EXERCISE INSTRUCTIONS: Make a verbatim copy of the records; pictures stay out.

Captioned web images
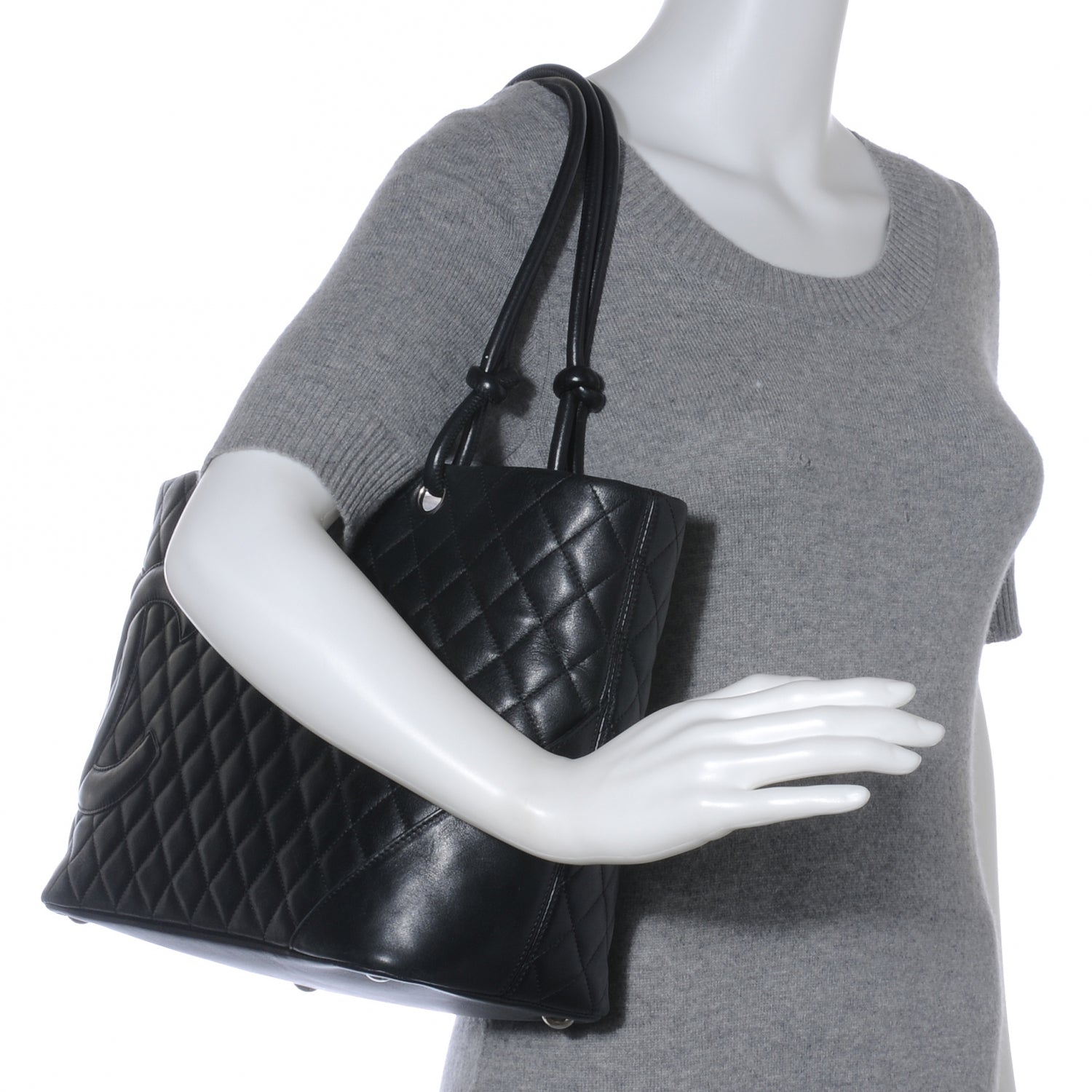 Chanel Calfskin Quilted Large Cambon Tote Black 2 of 8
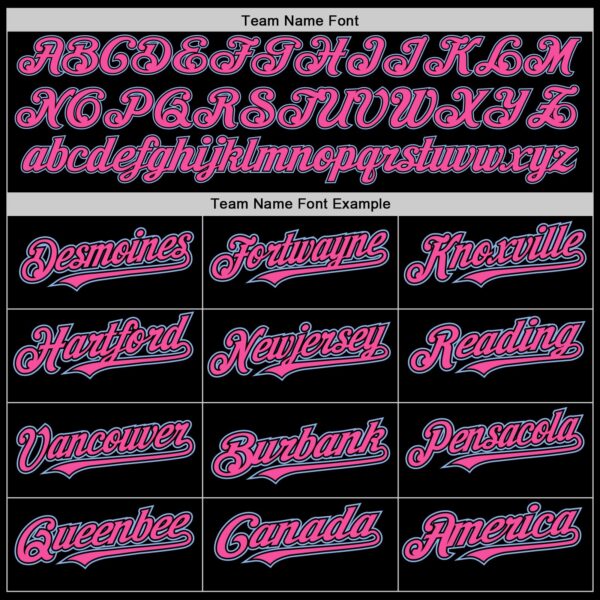Custom Black White Pinstripe Pink-Light Blue Authentic Baseball Jersey - Image 4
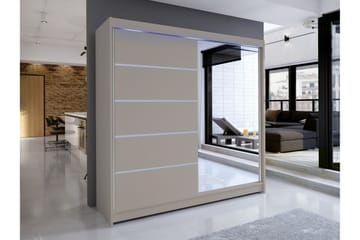 Canderbury Garderob m. Spegel 180x215 cm - Beige - Förvaring - Klädförvaring - Garderob & garderobssystem
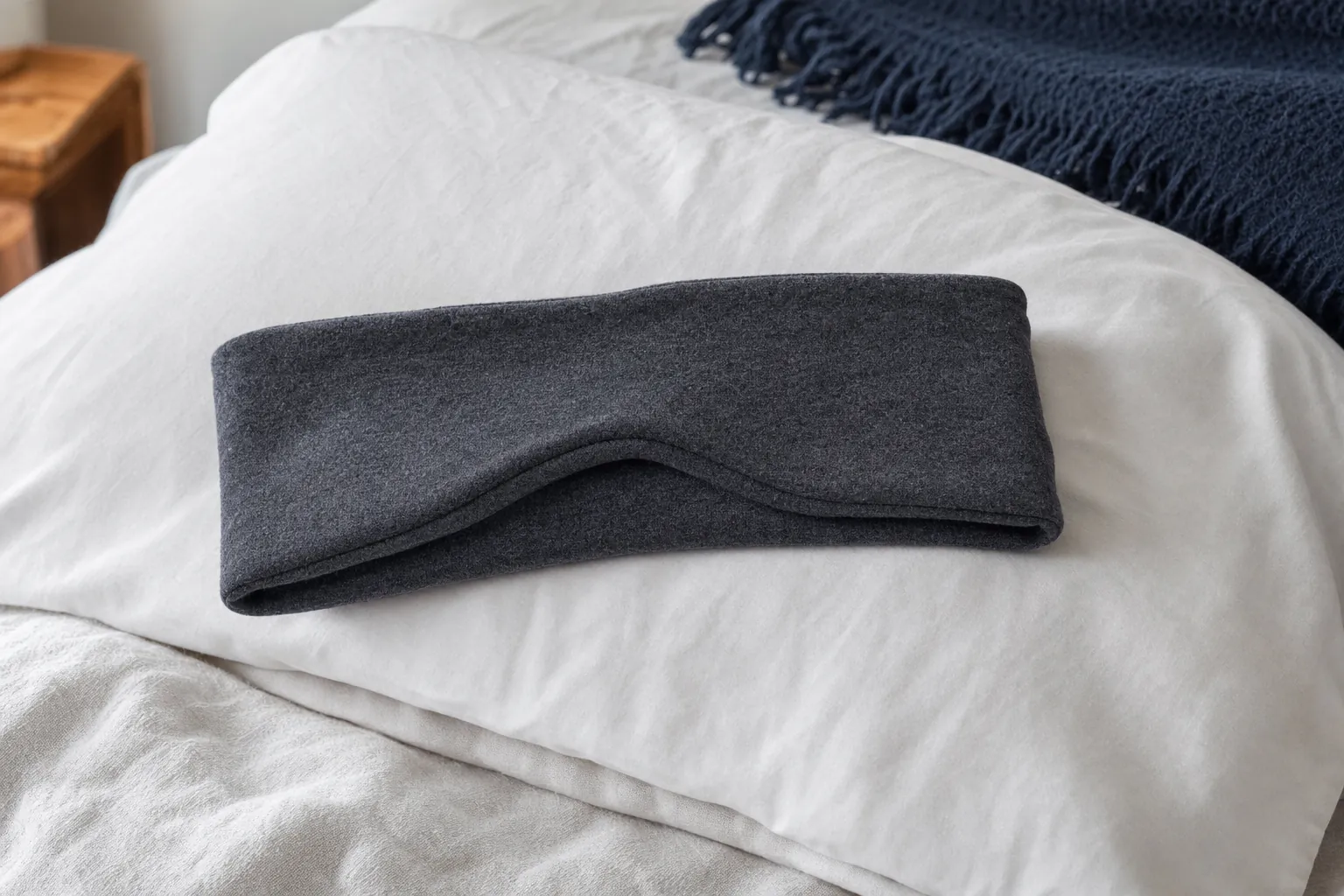 Soft charcoal sleep headphone headband resting on a white pillow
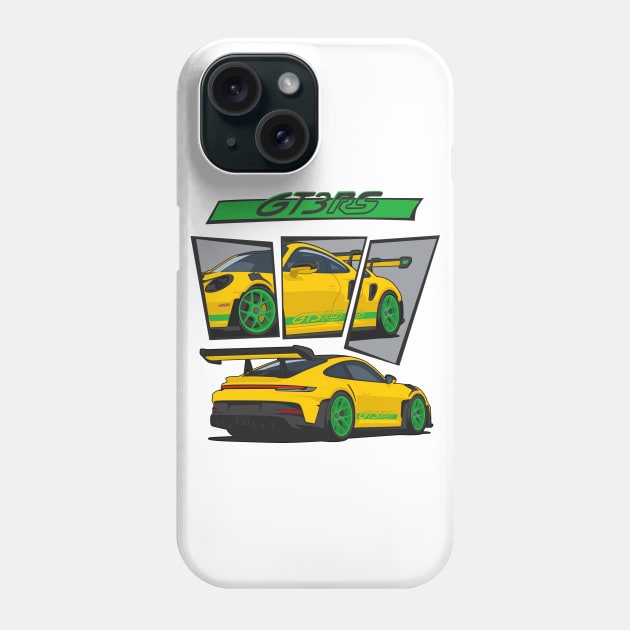 car 911 gt3 rs racing edition detail yellow green Phone Case by creative.z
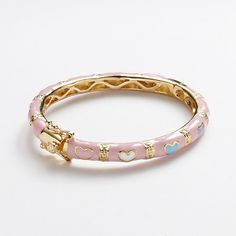 Bracelet Details: Diameter: 1.65 in. Clasp: safety Metal: brass Features: pink, purple, white & turquoise enamel  Size: One Size. Gender: female. Age Group: kids. Heart Bangle Bracelet, Enamel Bangle, Jewelry Accessories Ideas, Jewelry Lookbook, White Turquoise, Pink Enamel, Girly Jewelry, Jewelry Inspo, Girls Jewelry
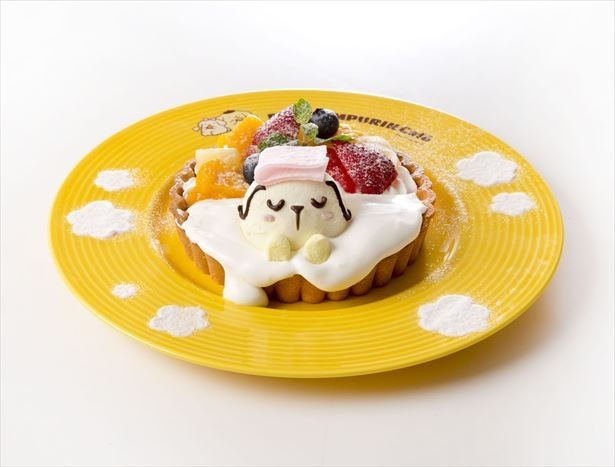 「秘境の温泉でざぶーん！ポムポムプリンの湯けむりフルーツタルト」(税抜1100円)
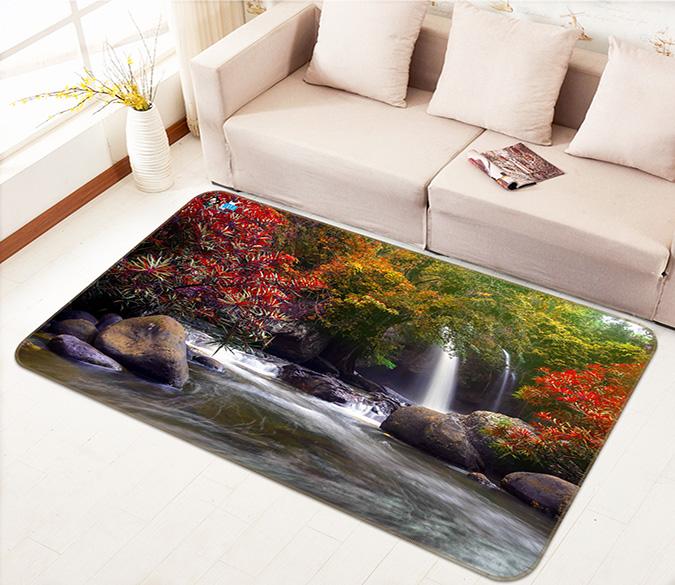 3D River Waterfall 215 Non Slip Rug Mat Mat AJ Creativity Home 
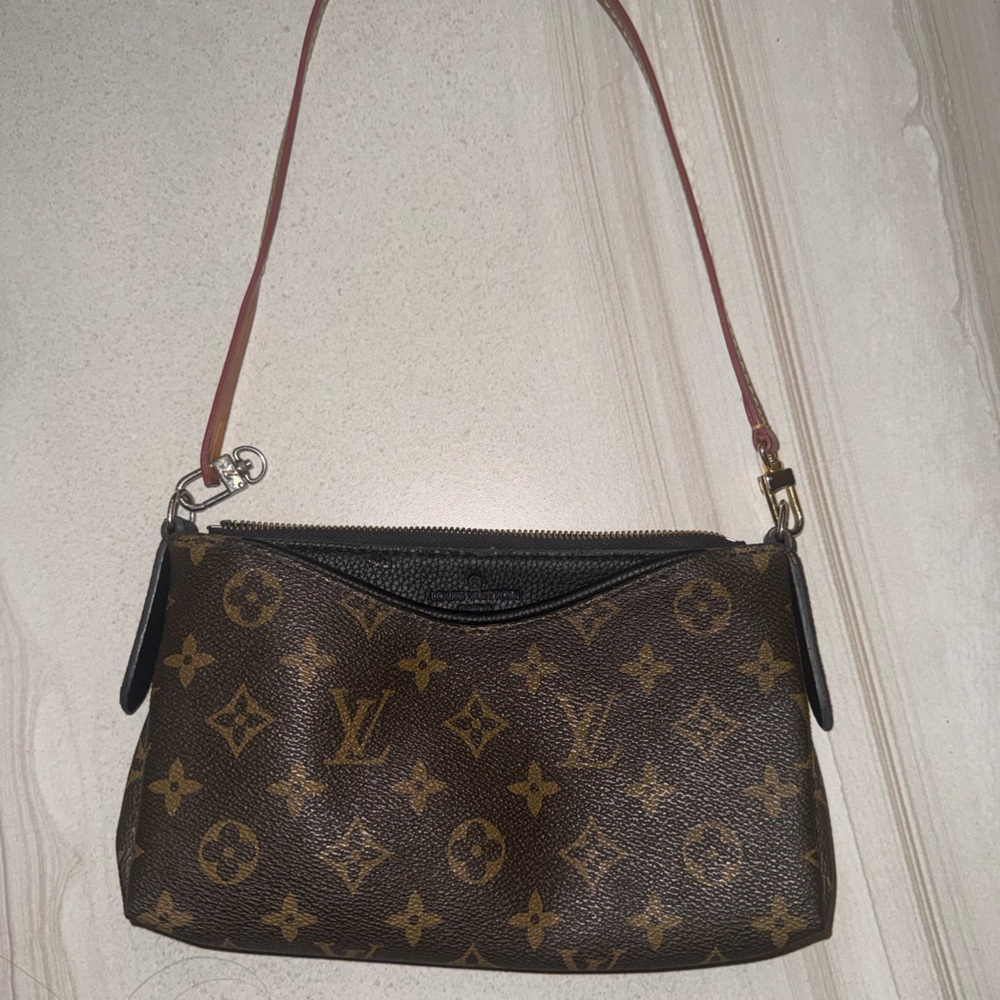 Louis Vuitton Monogram Canvas Crossbody with Red-Tone Strap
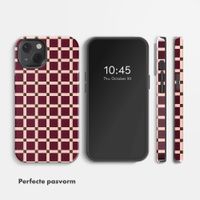 Selencia Vivid Backcover met MagSafe Apple iPhone 13 - Check This Burgundy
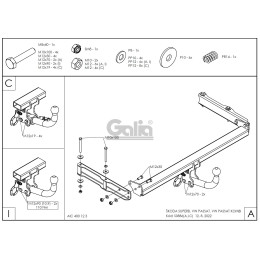 S088C GALIA Полностью оцинкованный фаркоп на Skoda Superb I 2002-2008, Volkswagen Passat B5 седан/универсал 1996-2005. Выхлопная труба с левой стороны. Подрозетник убира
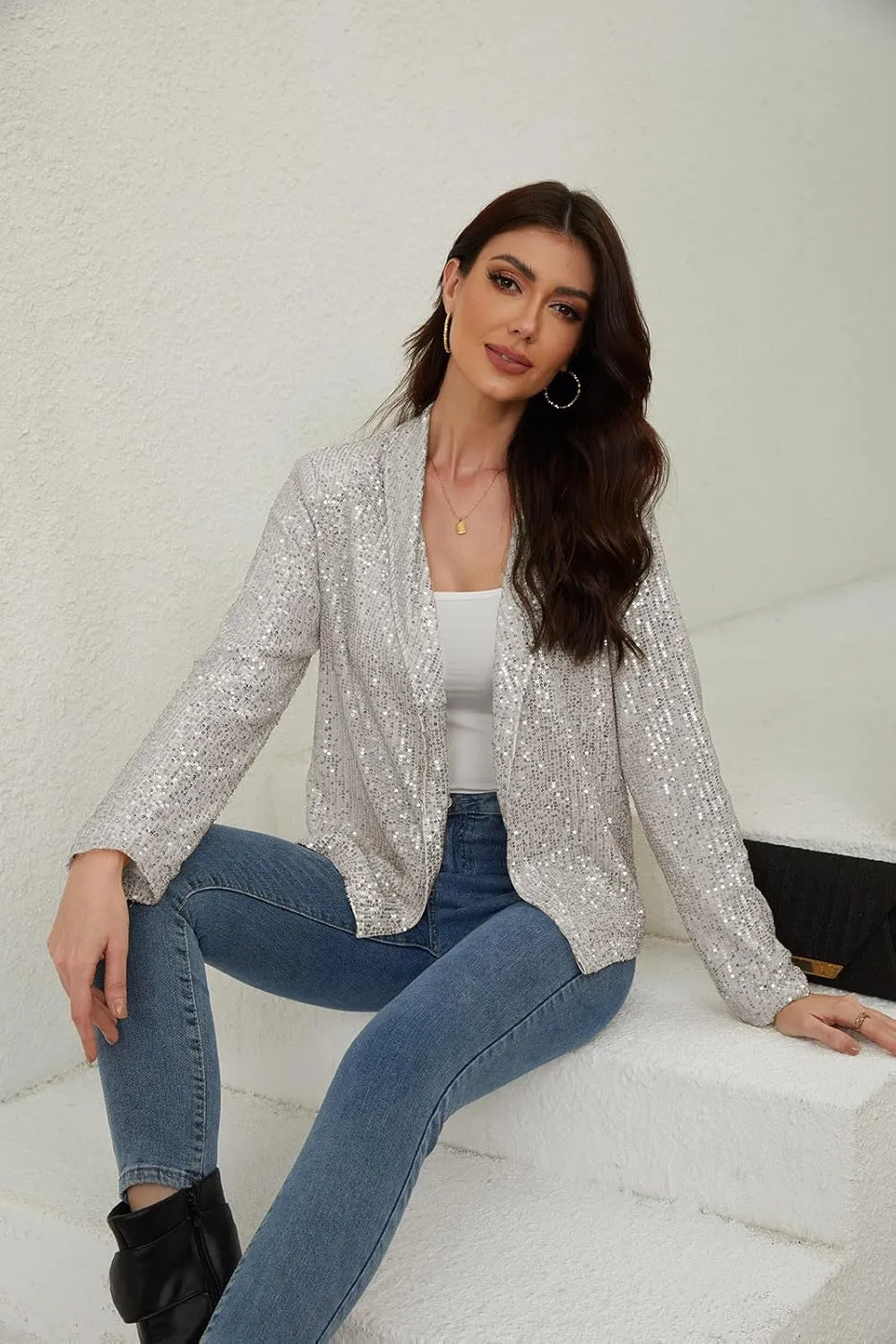 utcoco Womens Sequin Blazer Casual Long Sleeve Open Front Sparkle Blazer Jacket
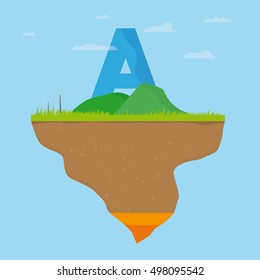 Island With Ecology Subtext With Wind Mill And Letter A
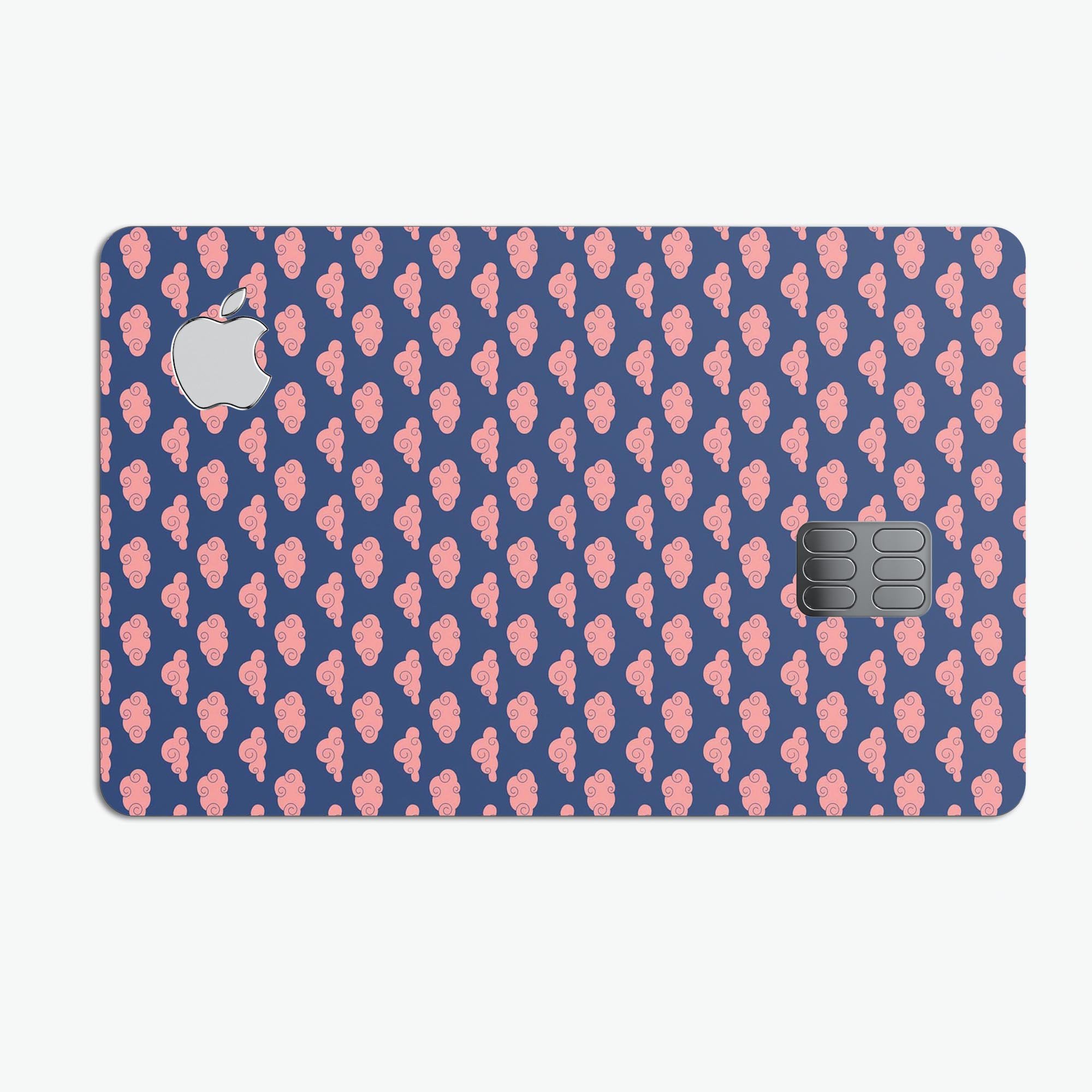 Coral Micro Cloud Swirls skin kit for Apple Card, showcasing vibrant colors and premium vinyl material.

RESULT OF THIS EXERCISE:
 Chanel Calfskin Quilted Large Cambon Tote Black 2 of 8
Custom Black White Pinstripe Pink-Light Blue Authentic Baseball Jersey - Image 4
 Canderbury Garderob m. Spegel 180x215 cm - Beige - Förvaring - Klädförvaring - Garderob & garderobssystem
 Soft charcoal sleep headphone headband resting on a white pillow
 car 911 gt3 rs racing edition detail yellow green Phone Case by creative.z
 Bracelet Details: Diameter: 1.65 in. Clasp: safety Metal: brass Features: pink, purple, white & turquoise enamel  Size: One Size. Gender: female. Age Group: kids. Heart Bangle Bracelet, Enamel Bangle, Jewelry Accessories Ideas, Jewelry Lookbook, White Turquoise, Pink Enamel, Girly Jewelry, Jewelry Inspo, Girls Jewelry
 「秘境の温泉でざぶーん！ポムポムプリンの湯けむりフルーツタルト」(税抜1100円)
 3D River Waterfall 215 Non Slip Rug Mat Mat AJ Creativity Home 
 Louis Vuitton Monogram Canvas Crossbody with Red-Tone Strap
 Selencia Vivid Backcover met MagSafe Apple iPhone 13 - Check This Burgundy
 S088C GALIA Полностью оцинкованный фаркоп на Skoda Superb I 2002-2008, Volkswagen Passat B5 седан/универсал 1996-2005. Выхлопная труба с левой стороны. Подрозетник убира
 utcoco Womens Sequin Blazer Casual Long Sleeve Open Front Sparkle Blazer Jacket
 Island With Ecology Subtext With Wind Mill And Letter A
 Coral Micro Cloud Swirls skin kit for Apple Card, showcasing vibrant colors and premium vinyl material.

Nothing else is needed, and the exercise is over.